So anyway, the Doctor and Churchill are armed as the Doctor has another mark on his arm, he says that in small numbers the Silence creatures aren’t that dangerous, then looks at his arm and there are hundreds of marks. We finally see them hanging from the ceiling of the room, suddenly a smoke grenade enters the room, and the room fills with a command force wearing those eye patches that Madame Kovarian was wearing in earlier episodes. They all point their guns at the Silence monsters.

The name's Pond. Amelia Pond
The leader of the group is Amelia Pond, she shoots the Doctor unconscious for some reason. The Doctor wakes up on a train, heading for Cairo. The Doctor tries to convince her that they knew each other, but Amy has pictures on the wall of her adventures and a model TARDIS, she already knew that they knew each other, apparently the crack on the wall in her bedroom she grew up with allows her to see alternate time lines, despite the fact that reality was rewritten to make sure those never existed, figure that one out.

She gives the Doctor his old clothes and he changes and shaves. She laments that she can’t find Rory, because she’s drawn a rather overly-flattering picture of him. She’s part of a team working to fix time, the Doctor warns that if he doesn’t die all of reality will fall apart, suddenly Rory enters, with neither Amy or Rory recognising the other, and informs them that they’ve nearly arrived (how long was the Doctor unconscious? Must take days to take a train to Egypt, assuming they took the train the whole way, which would be odd, since there's an ocean in the way) Amy thinks the Doctor looks older, and apparently it’s because time is still passing as he’s the epicentre of the crisis (this regeneration of the Doctor lives for a good few hundred years, he’s not gonna look that much older after just two!)

The train arrives in a pyramid, which has been retrofitted into a base of operations, seems like an odd choice to me, but… The pyramid now has the US flag and is called Area 52


I wanted to find a clip for that, but…

Guessing being conspicuous wasn't a thought building this base
Anyway, Rory explains that the eye-drive eye-patch allows people to remember seeing the Silence monsters . The pass a number of liquid containing insulating cells containing Silence monsters (because the silence can draw electricity from anything; they did not use this in the initial encounter) they seem to be looking at the Doctor strangely.  

The Doctor tries to get Rory and Amy together, for some reason (look, reality is disintegrating here, wrong priorities) River is in the base and they have Madame Kovarian as a prisoner. River attained the base through mind-control lipstick because… She has some? The Doctor grabs her arm and time begins to move again as we wind back to the scene in Utah but River releases herself before the scene can complete.  If they touch time can begin again but the Doctor will die. 

I want to kill her just looking at her now
As the guards check the Silence monsters, they begin to crack the glass.
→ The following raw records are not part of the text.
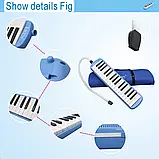 Мелодика Irin духовий музичний інструмент на 32 клавіші — Червоний, фото 10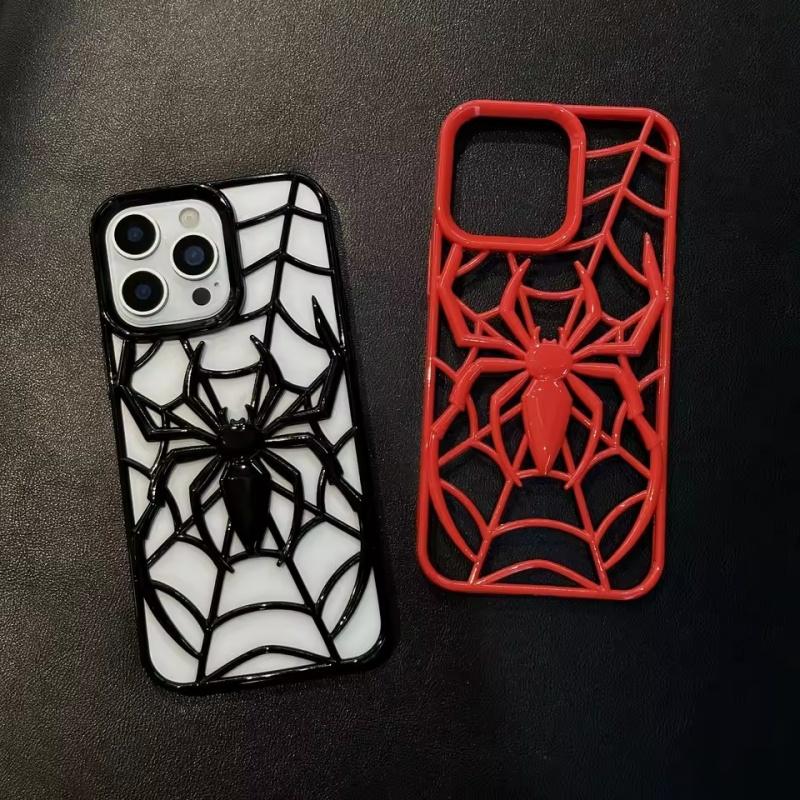 2025 Cool 3D Spider Hollow Dissipate Heat Phone Case For iPhone16 15 14 13 12 11 Pro Max Plus Shockproof Soft Silicone Cover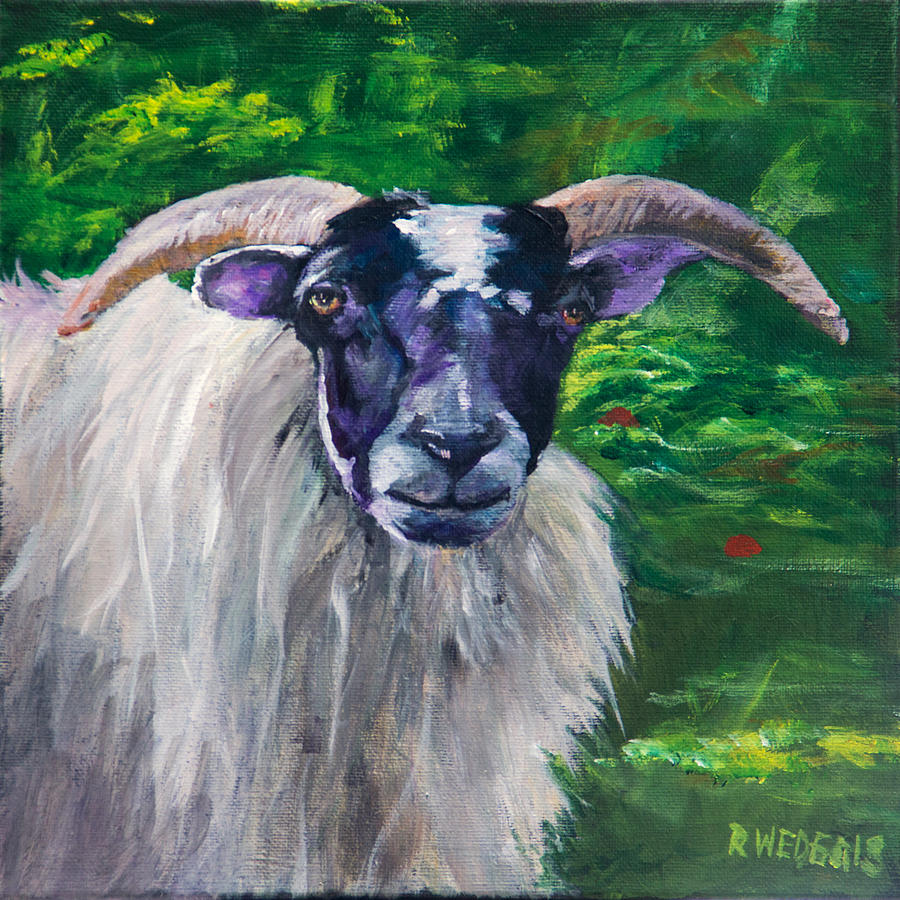 Sheep Painting - Highland Ram by Roger Wedegis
Rory notices water dripping from the floor above. Soon it’s noticed by everyone and the Silence monsters begin to escape. They were never trapped, just waiting for the Doctor to arrive. The military have them at gunpoint, but seem to be too scared to shoot, until one of the monsters kills one of them by shooting lightning from its fingers (again, power could’ve been useful last time) they are all wearing eye drives based on Kovarian’s design, and it has a feature designed to electrocute them to death or cause them unbearable pain. Kovarian’s confused when the feature is turned upon her as well.


What a shocking new power these monsters have

River and Amy are working on a plan to save time without the Doctor dying, the Doctor agrees to see it, leaving Rory to buy time as the Silence are attempting to burst down the door, his eye drive has activated, causing him pain, but he refuses to take it off. The electrocution weakens him, leaving him unable to shoot as the door is broken down, but Amy returns and butchers them with a machine gun.

What a shocking development!
Kovarian, whose eye-drive rather conveniently has popped off, begs Amy for help but Amy, citing what Kovarian had done to her, sticks the eye drive back on her face and leaves her to die.

Oh, you know what the joke is here. Still, it's satisfying to see her die, pity it wasn't in the real world

River has created a distress beacon (apparently time is happening all at once but only on Earth, how does that even happen, apparently something about a time bubble, but time is universal… Oh I can’t be bothered to explain Doctor Who Logic) they have received so many responses that it’s been interfering with radio signals, something that had been referred to in earlier segments of the episode.

How can we possibly get married without some sort of official documentation, or a ring, and... does it even count if it's in an alternate reality?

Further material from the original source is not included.